> What the exercise asks
The data is to be repeated exactly, with the images removed.

> Source data
- - -

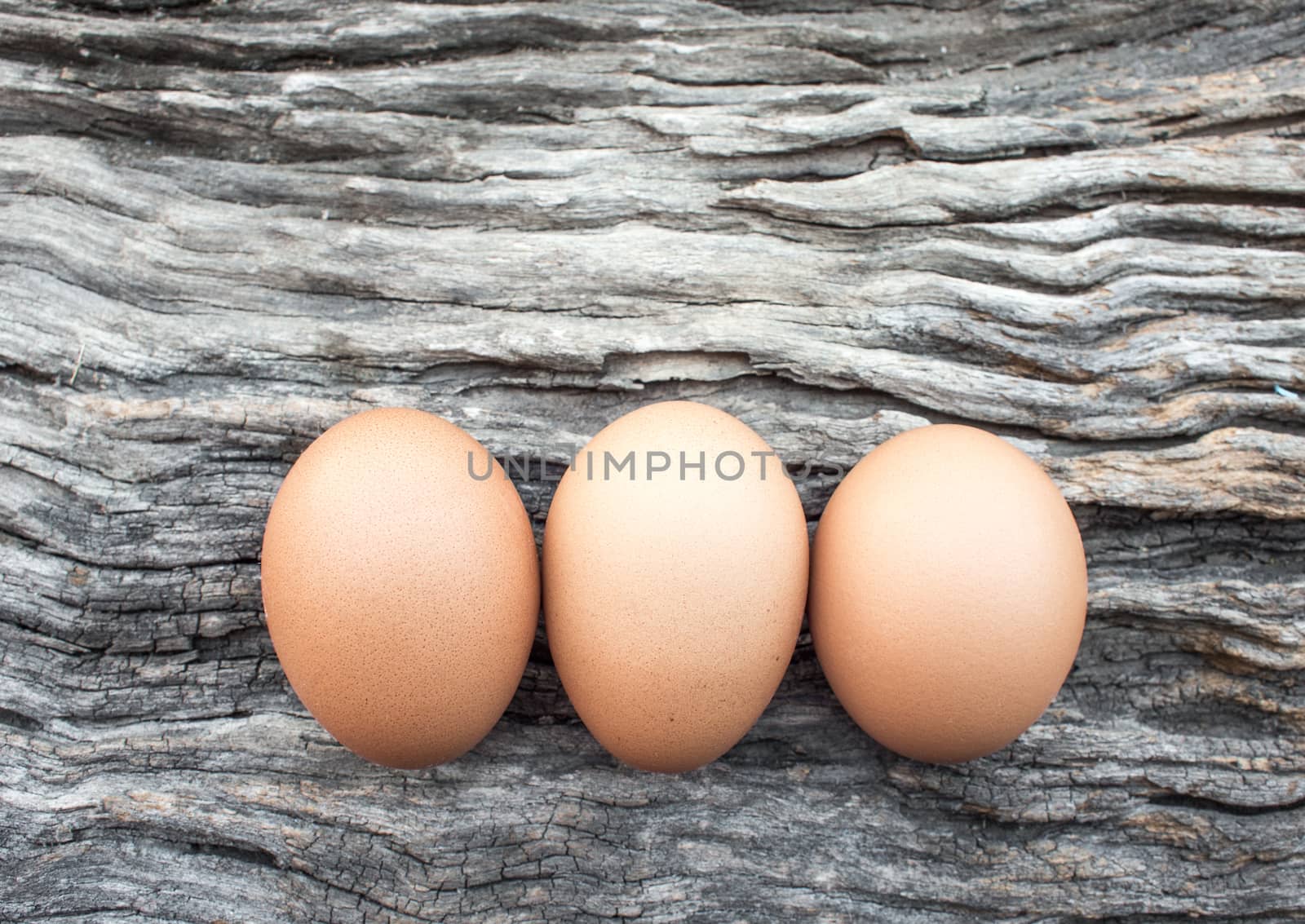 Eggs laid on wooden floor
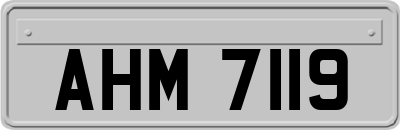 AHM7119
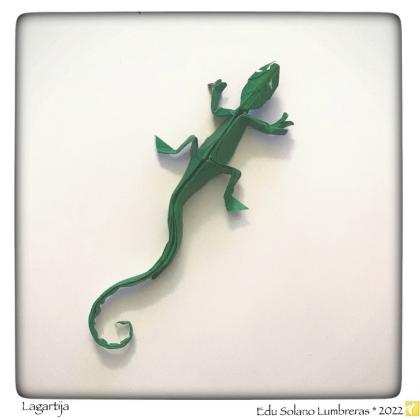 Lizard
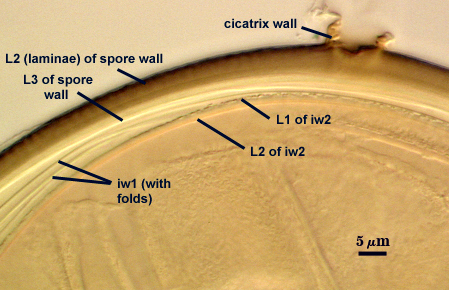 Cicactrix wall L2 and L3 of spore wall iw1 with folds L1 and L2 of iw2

- - -

> Task output
 Eggs laid on wooden floor
 AHM7119
 Lizard
 Cicactrix wall L2 and L3 of spore wall iw1 with folds L1 and L2 of iw2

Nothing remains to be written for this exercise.